Ischemia-reperfusion (IR) injury occurs when tissue is reperfused following a period of ischemia, and results from acute inflammation involving various mechanisms. The effects of lower extremity IR occur across a spectrum ranging from mild injury with no lasting sequelae to a systemic response with multi-organ injury. This process may give rise to generalized inflammation with activation of different immune cells, release of a vast number of inflammatory mediators, reactive free radicals, and vasoactive substances (1,2). Pro-inflammatory cytokines play a critical role in the cascade of events resulting in injury from IR. In the literature, the role of interleukin (IL)-1β, IL-6, IL-8, thromboxane A2 (TXA2), and tumor necrosis factor-alpha (TNF-α) are well documented in IR injury. These cytokines provide signals between the responding leucocyte and the vascular endothelial barrier, and the net result is up-regulation due to IR injury and loss of endothelial integrity as well as recruitment and activation of leukocytes (3-6).

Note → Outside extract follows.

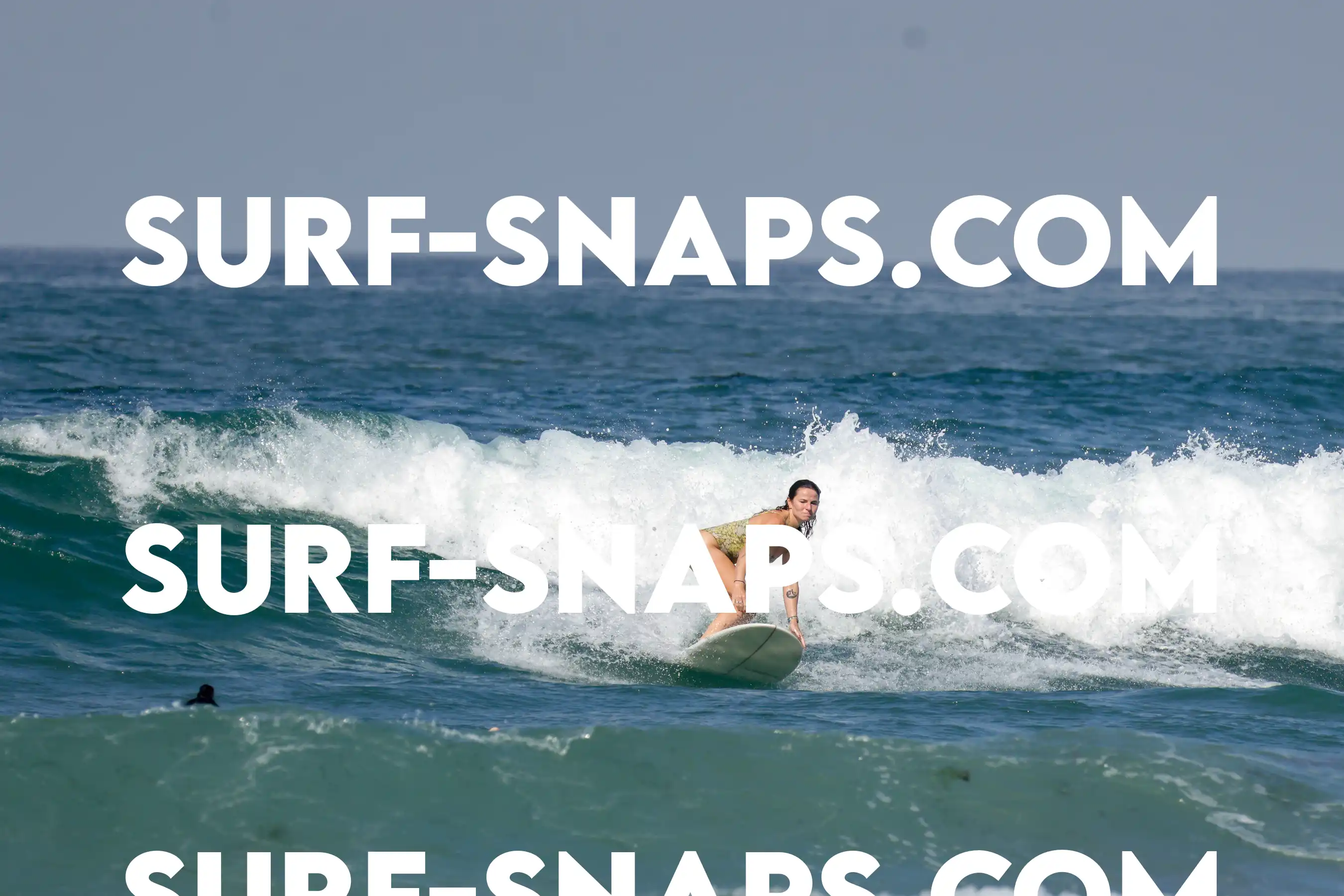 Tourmaline Surfing Park photo 254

Critical lower limb ischemia is a common cause for amputation. Clinical trials targeting neutrophil blockade and reactive oxygen species (ROS) scavenging (through free radical scavengers) have thus far failed to be successful (7,8). To develop new therapeutic strategies, more information is needed about molecular mechanisms of tissue responses to ischemic stress and factors inducing angiogenesis. DNA array technology has offered a new powerful tool for research into the molecular pathophysiology of human disease. Tuomisto et al. (9) reported that gene transfer of vascular endothelial growth factor (VEGF), insulin-like growth factor-1 (IGF-1), and IGF-2 to induce angiogenesis, survival, and regeneration may be useful for treatment of chronically ischemic skeletal muscle. Hypoxia-inducible factor-1α (HIF-1α), the major regulator of VEGF expression under hypoxia (10), was up-regulated at both the mRNA and the protein levels, and was located in the nucleus, suggesting that this may be the main pathway for VEGF induction in acute ischemia. Additionally, a recent study suggested that mutant HIF-1α can improve mature angiogenesis and tissue perfusion in ischemic rabbit skeletal muscle (11). The processes of inflammation and angiogenesis are intimately linked. Research has suggested that inflammation and angiogenesis are interdependent processes aiding the growth and spread of cancer (12). However, to our knowledge, no investigations have yet been made into the problem of inflammation and its effect on angiogenesis in skeletal muscle ischemia from lower limb IR injury. Accordingly, the present study was performed to determine the role of ischemic postconditioning in skeletal muscle ischemia induced by limb ischemia-reperfusion, and whether its mechanism involves HIF-1α expression.

Material and Methods

Animals and reagents

Male Wistar rats, weighing 220-250 g, were used in the experiments (Medical Experimental Animal Center of the Gansu College of Traditional Chinese Medicine, Lanzhou, China). All procedures were performed in accordance with the Declaration of Helsinki of the World Medical Association. The rats were maintained on standard rat chow, with water ad libitum, under specific pathogen-free conditions at constant temperature (22-24°C).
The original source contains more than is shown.